It is a never-beforetold story about curious bent trees many believed were used by Indians to guide themselves across the North American continent to hunt, to communicate and more. The documentary explores the mystery and gives viewers an appreciation for peoples who lived close to nature, said Don Wells, Hobbs spokesperson.

News Herald Story

The News Herald recently published a picture and story about one of these mystery trees, often referred to as a "trail tree".

The article in the July 22 issue of The News Herald described the tree located near Strawberry Ridge Road between Gravette and Sulphur Springs on property owned by the Robert Robersons.

The article pointed out the distorted tree trunk "pointed" to a nearby spring and creek, which some believe provided direction for Indians and possibly pre-settlement Americans.

Travel Tree Project

The presentation is based on interviews with Native Americans and "old timers" from across the country as well as historical research. Investigations have included the use of dendrochronology, GPS, satellite systems and sophisticated computerbased mapping programs.

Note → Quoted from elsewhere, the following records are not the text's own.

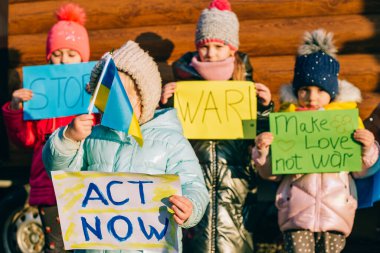 Genç vatanseverler, çocuk eylemciler. Ukraynalı küçük kızlar savaşı durdurmak istiyor. Yazılı pankartı yükseltin. Ukrayna 'daki savaşı durdurun.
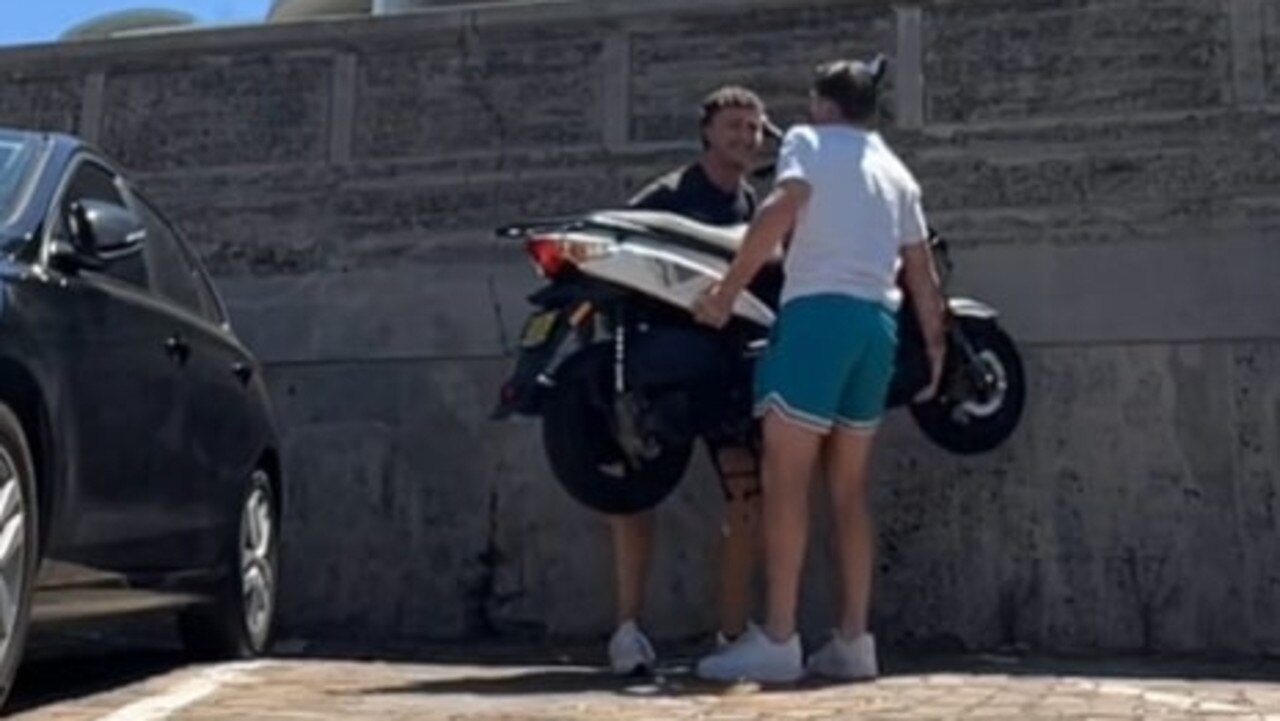 Two men have filmed themselves moving a moped from a parking spot at Bondi Beach. Picture: TikTok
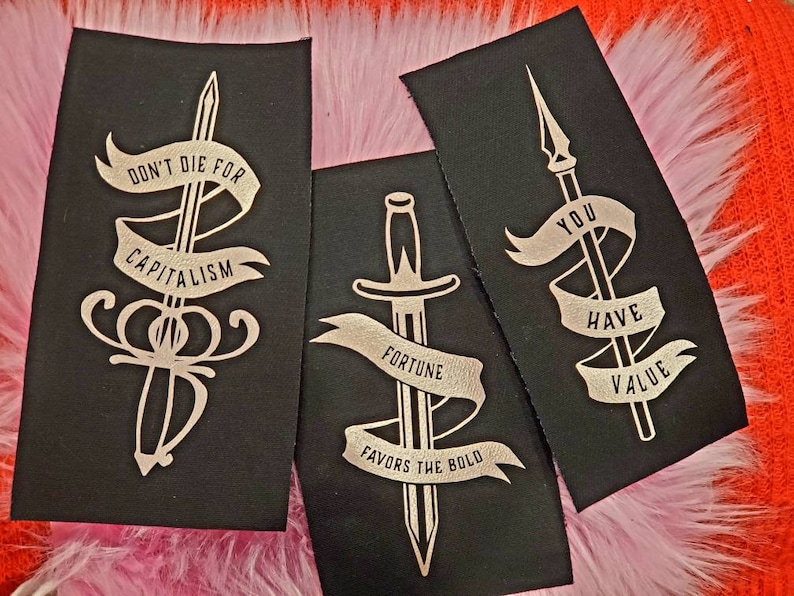 May include: Three black fabric patches with gold embroidery. The patches feature swords and phrases: "Don't Die For Capitalism", "Fortune Favors The Bold", and "You Have Value".
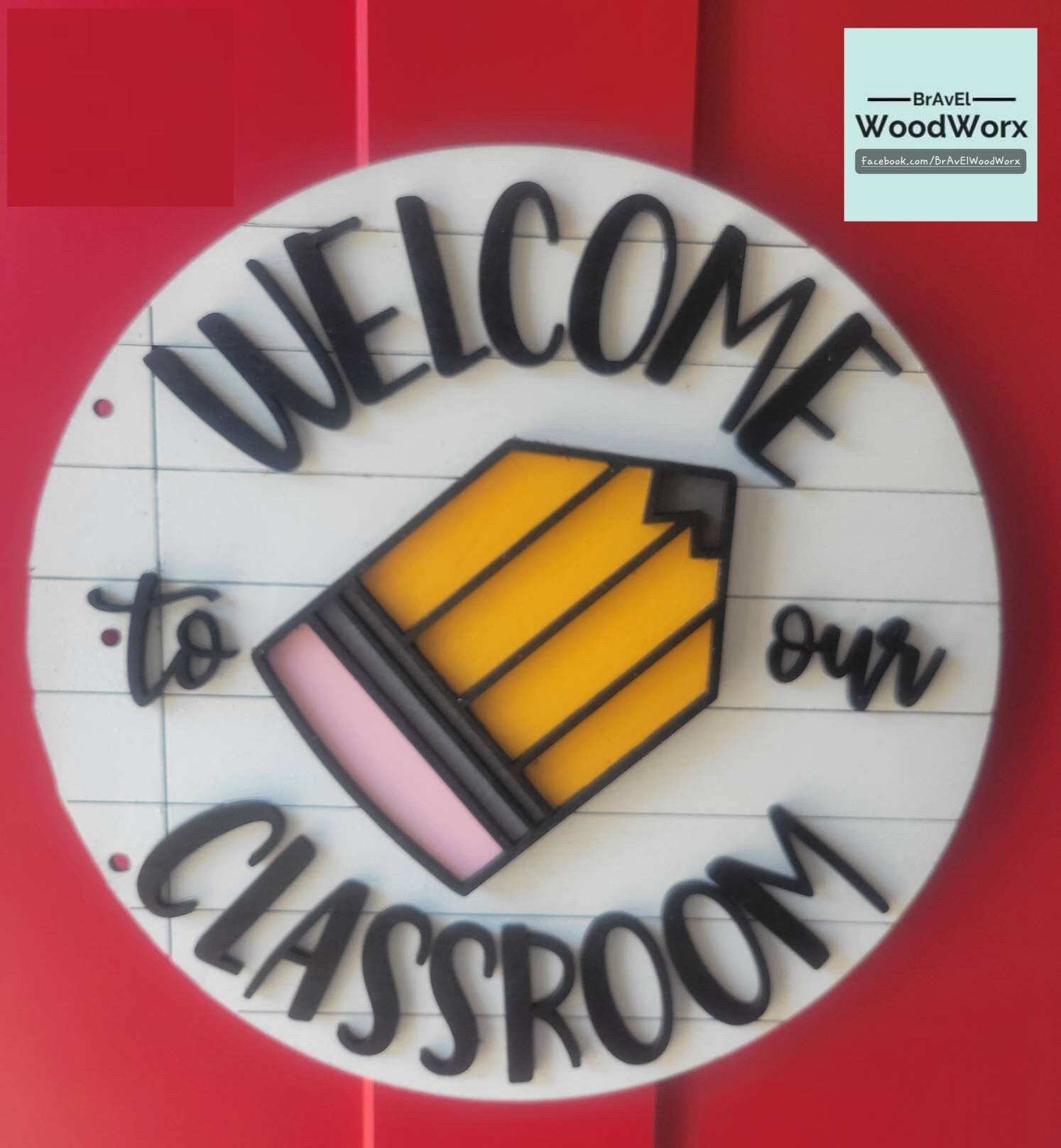 A round, wooden sign with a white background, featuring the text 'Welcome to our CLASSROOM' in bold black letters, accompanied by an illustration of a pencil and yellow accents. The sign is designed to be wall or door mounted.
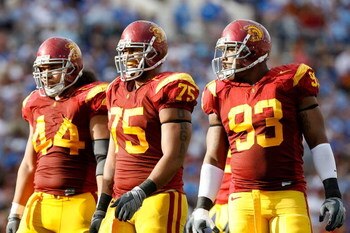 PASADENA, CA - DECEMBER 06:  (L-R) Christian Tupou #44, Fili Moala #75 and Everson Griffen #93 of the USC Trojans smile during the first half against the UCLA Bruins on December 6, 2008 at the Rose Bowl in Pasadena, California.  (Photo by Harry How/Getty 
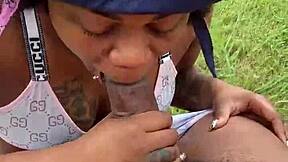 Girl sucks big black cock for pocket change.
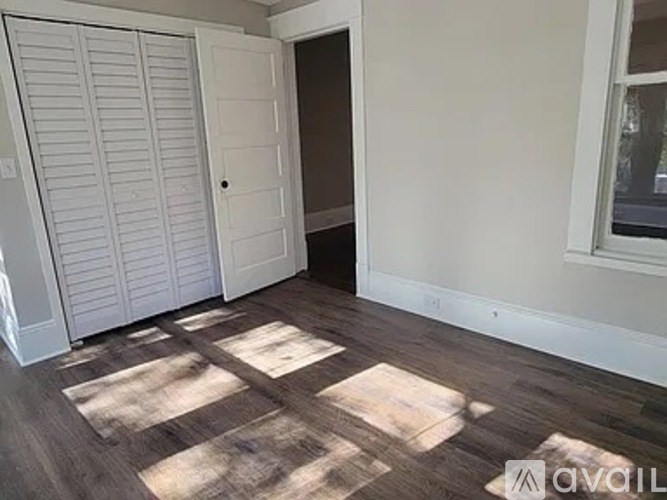 A room with a white door and a window with white blinds.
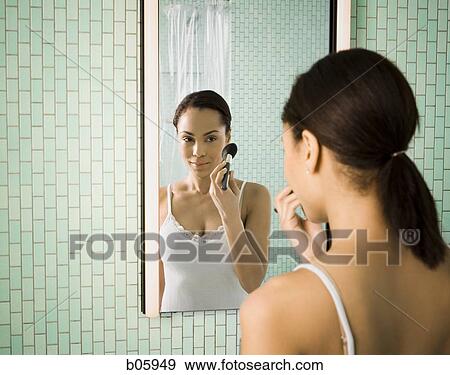 Female grooming herself View Large Photo Image Stock Photo - Female grooming herself. Fotosearch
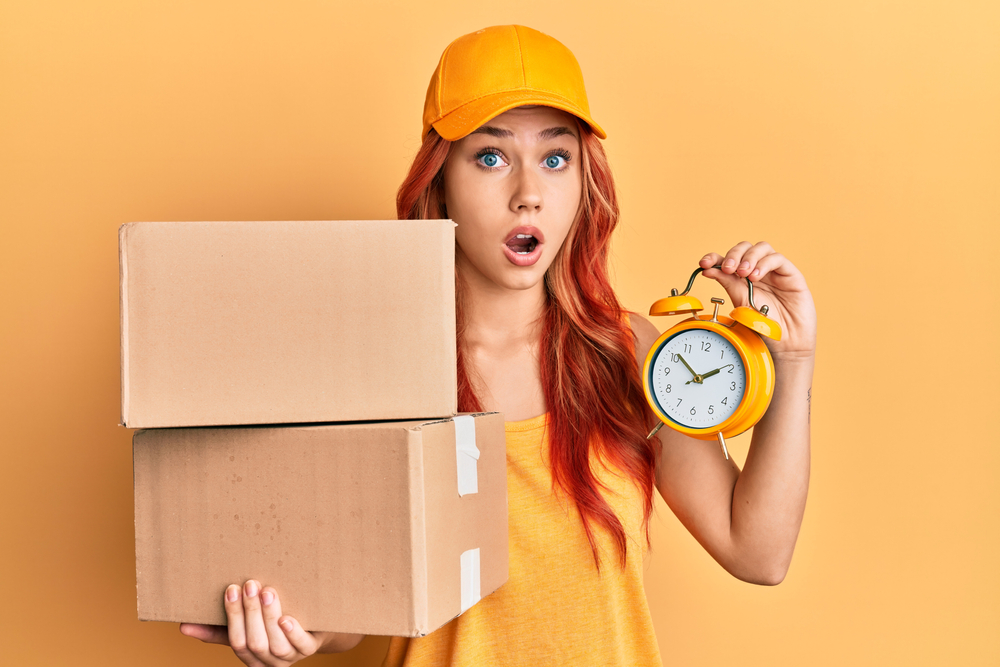 A woman wearing an orange tank top and orang cap carrying an orang alarm clock on the right hand and two boxes on the left hand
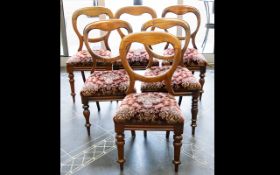 Six Balloon Back Dining Chairs each with turned legs,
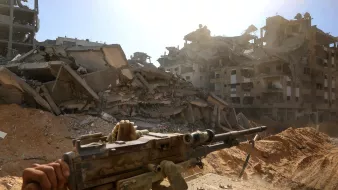 تصویری از یک منطقه ویرانشده، با ساختمانهای خراب و تفنگی در پیشزمینه. غبار و تابش نور خورشید در آسمان.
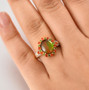 ammolite fire opal diopside and zircon halo ring in 18k yellow gold over sterling silver worn on a hand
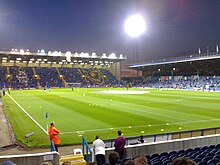 Fratton Park football stadium at night, home of Portsmouth F.C. The pitch is lit by floodlights.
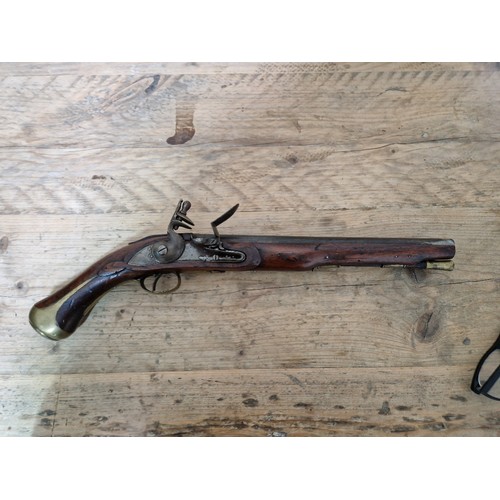 116 - A pair of reproduction flintlock pistols, 31cm barrel with ramrod below, touch hole is just an inden... 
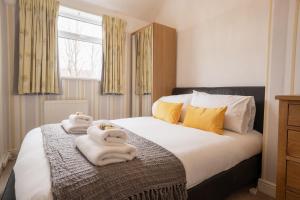 a bedroom with a bed with towels on it at Lovely cosy 2 bed cottage on the Wirral Peninsula in Birkenhead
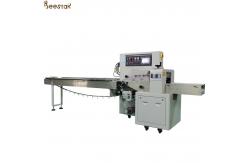 China Pillow Bag Bread Biscuit Candy Soap Packing Machine Chocolate Spoon Honey Filling Machine supplier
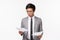 Waist-up portrait of serious-looking busy asian young businessman looking focused and determined at documents, reading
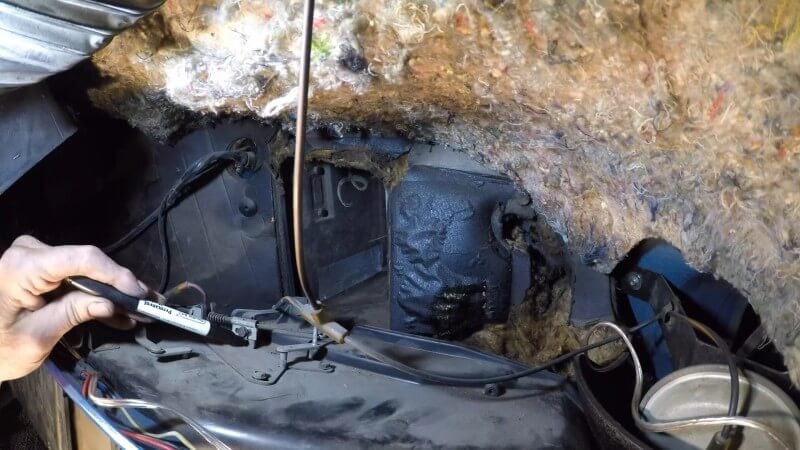 A close up of a mechanic using a black marker to mark the positions of the heater control cables before removing them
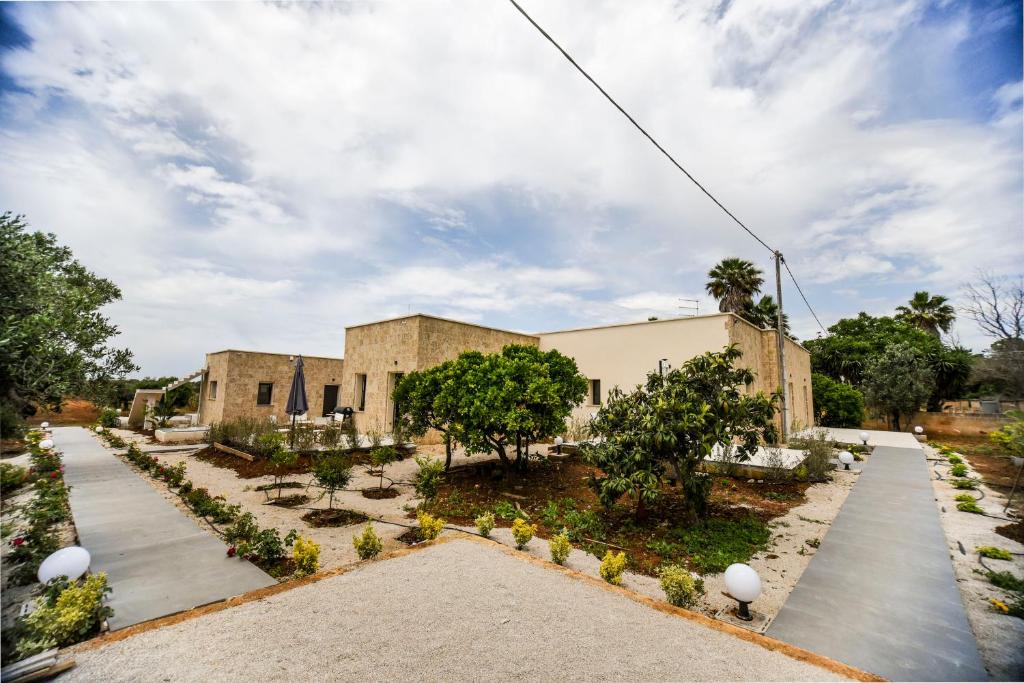 un edificio con un patio con árboles y plantas en Zeituna Lodge a Porto Cesareo, en Torre Lapillo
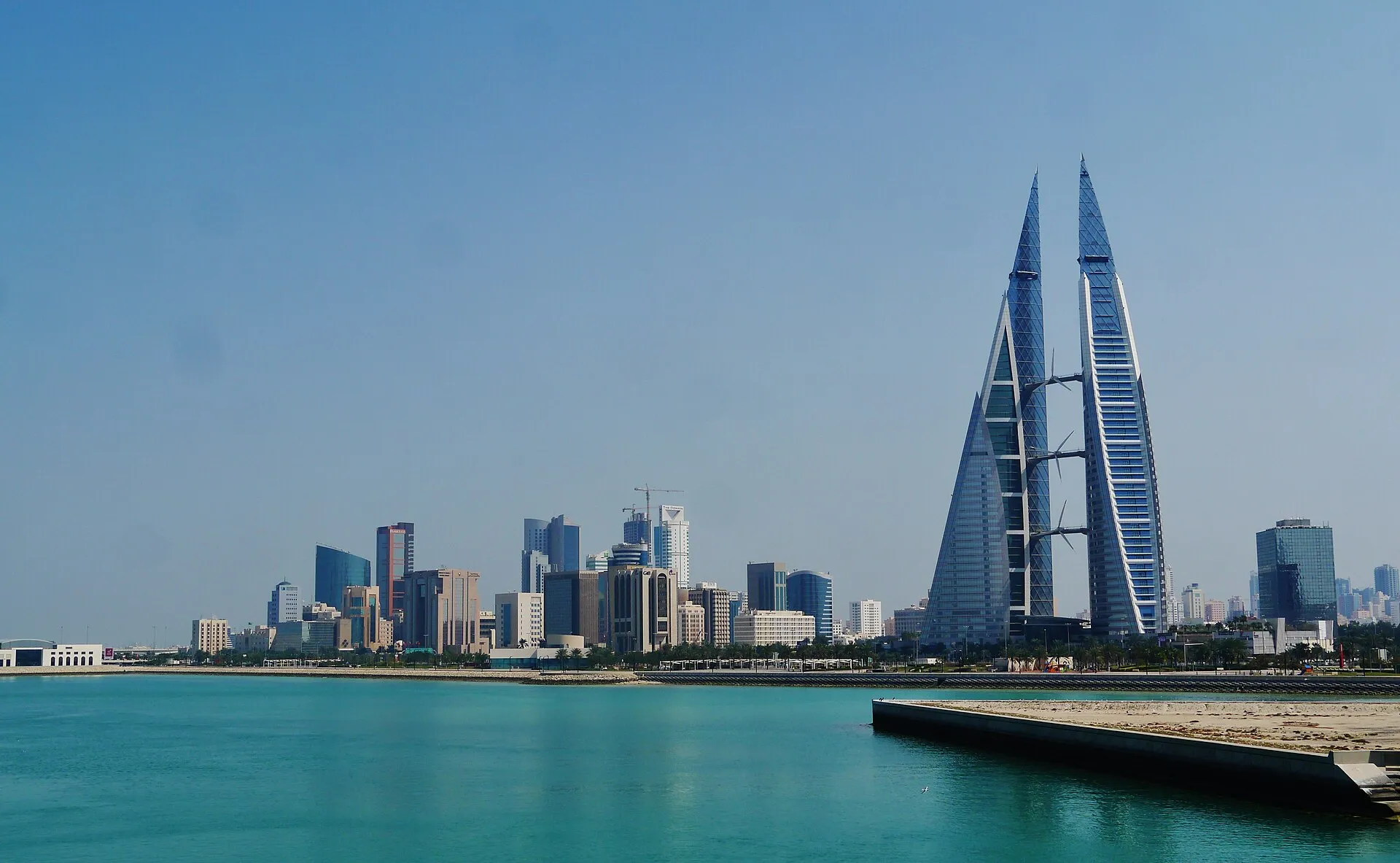 Manama skyline with Bahrain World Trade Center across turquoise bay waters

The Mountain Stewards Trail Tree Project includes mapping Indian trails from 1700-1800 survey maps and locating and documenting the associated trees.

According to Wells, "Probing the evidence will allow us to recover, explore and preserve this fascinating part of Indian culture. Some of these trees clearly marked Indian trails. The plotting of these trails and village sites on topographic and 3-D maps graphically tells us more about the cultural history of Native Americans".